• GOAL OF THE EXERCISE:
Output all the records word for word. Drop the pictures.

[Dataset excerpts]
━━━━
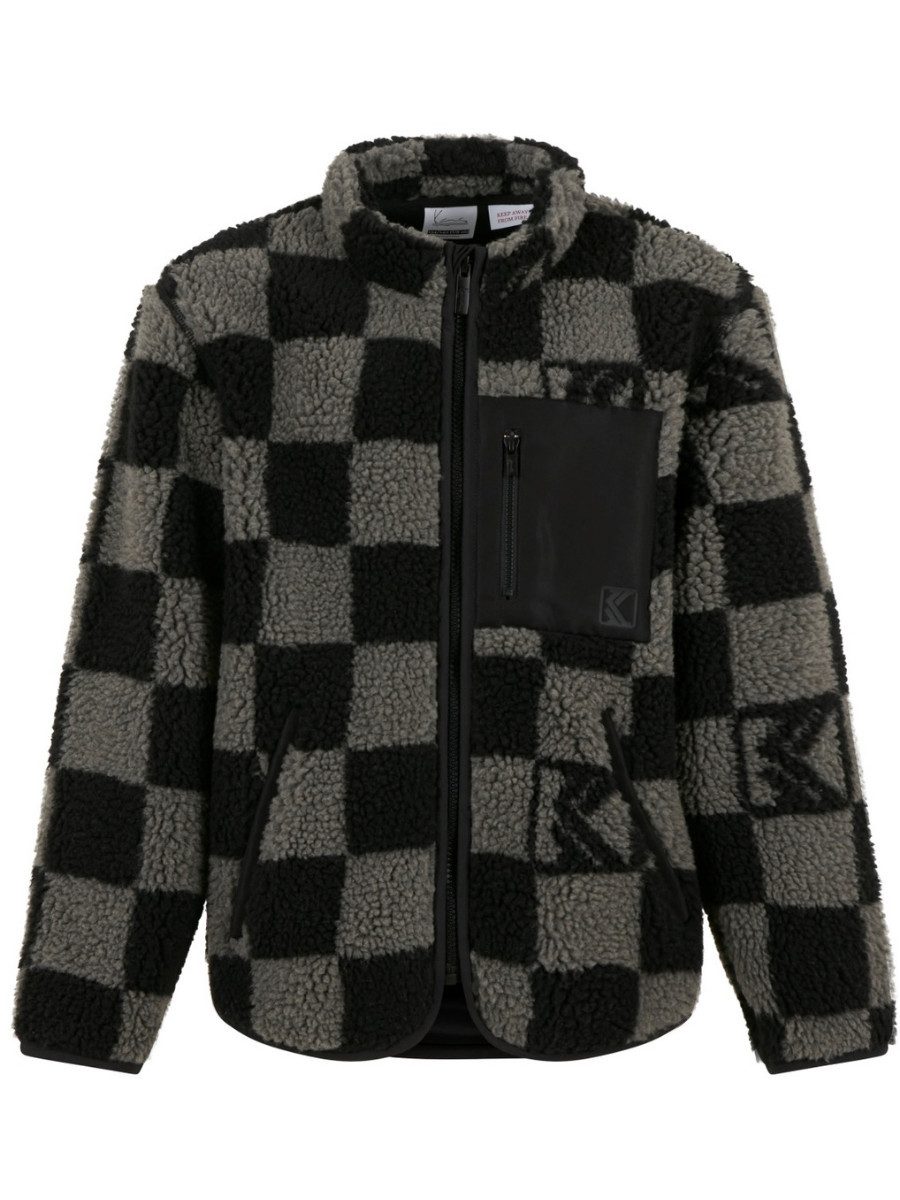 Karl Kani Fleecejacke TEDDY ZIP JACKET mit Stehkragen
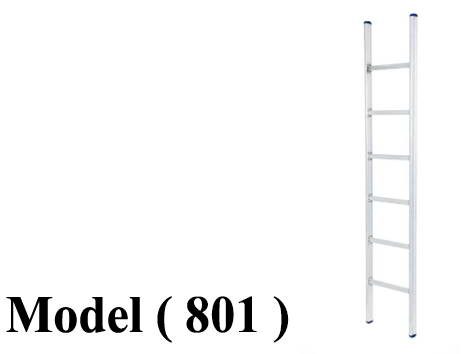 سلالم D (مو 801) # سلم الومنيوم (R30-6) مفرد فضي 6 درجه (ارتفاع 190 سم )(W=43,H=190CM)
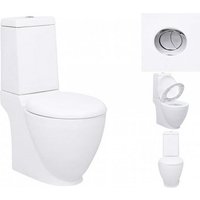 vidaXL Tiefspül WC Keramik Toilette Waagerechter Abgang Weiß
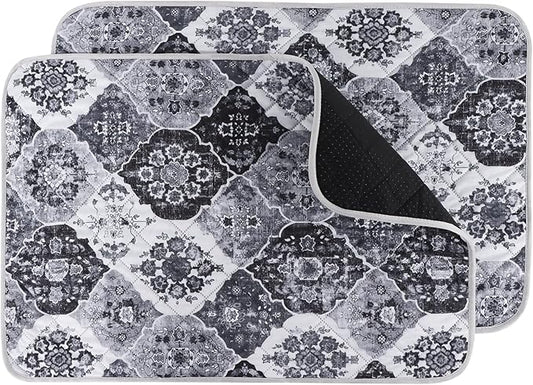 IEUUMLER Washable Pee Pads for Dogs, 2 Pack Reusable Pee Pads for Dogs Non-Slip Grip, Super Absorbent Waterproof Puppy Pads for Potty Training, Playpen, Crate, Whelping Box EU011 Black Grey, 36x24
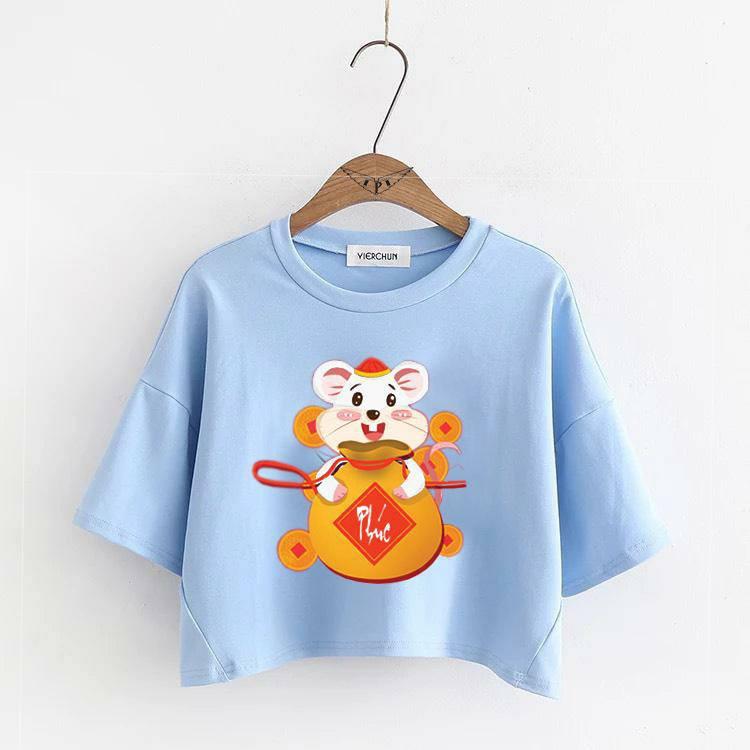 Áo croptop bé gái hình Chuột Tết cho mẹ và bé diện mùa xuân chất thun cotton xinh mát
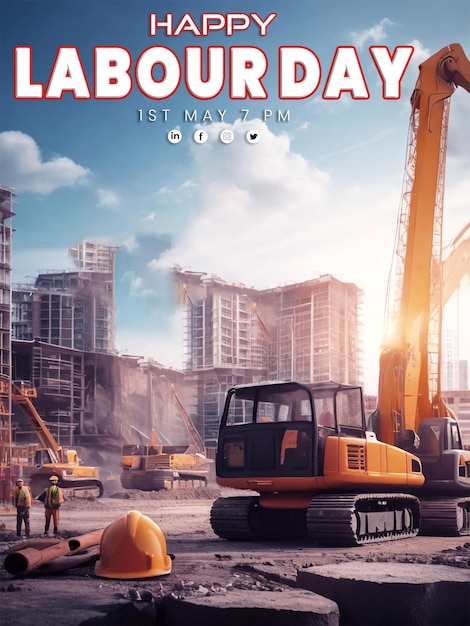 Feliz publicación en las redes sociales laboristas con diseño de sombrero de trabajador de la construcción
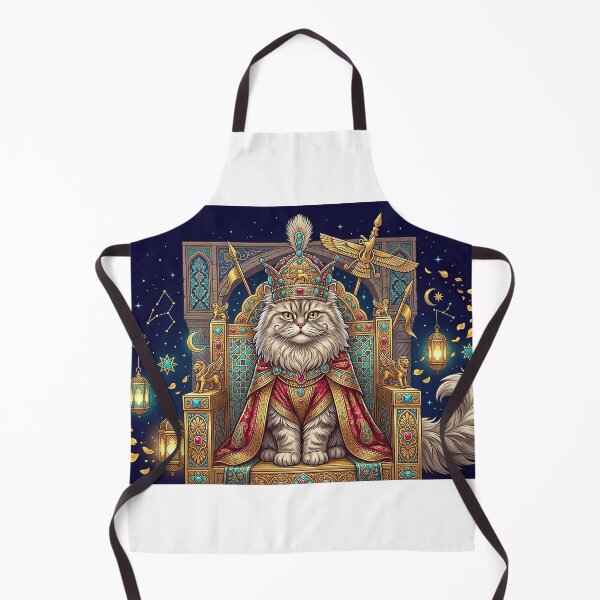 Item preview, Royal Persian Cat King | Ancient Persian Fantasy Crown Art designed and sold by Sara-Ai.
━━━━
• WRITTEN RESPONSE:
 Karl Kani Fleecejacke TEDDY ZIP JACKET mit Stehkragen
 سلالم D (مو 801) # سلم الومنيوم (R30-6) مفرد فضي 6 درجه (ارتفاع 190 سم )(W=43,H=190CM)
 vidaXL Tiefspül WC Keramik Toilette Waagerechter Abgang Weiß
 IEUUMLER Washable Pee Pads for Dogs, 2 Pack Reusable Pee Pads for Dogs Non-Slip Grip, Super Absorbent Waterproof Puppy Pads for Potty Training, Playpen, Crate, Whelping Box EU011 Black Grey, 36x24
 Áo croptop bé gái hình Chuột Tết cho mẹ và bé diện mùa xuân chất thun cotton xinh mát
 Feliz publicación en las redes sociales laboristas con diseño de sombrero de trabajador de la construcción
 Item preview, Royal Persian Cat King | Ancient Persian Fantasy Crown Art designed and sold by Sara-Ai.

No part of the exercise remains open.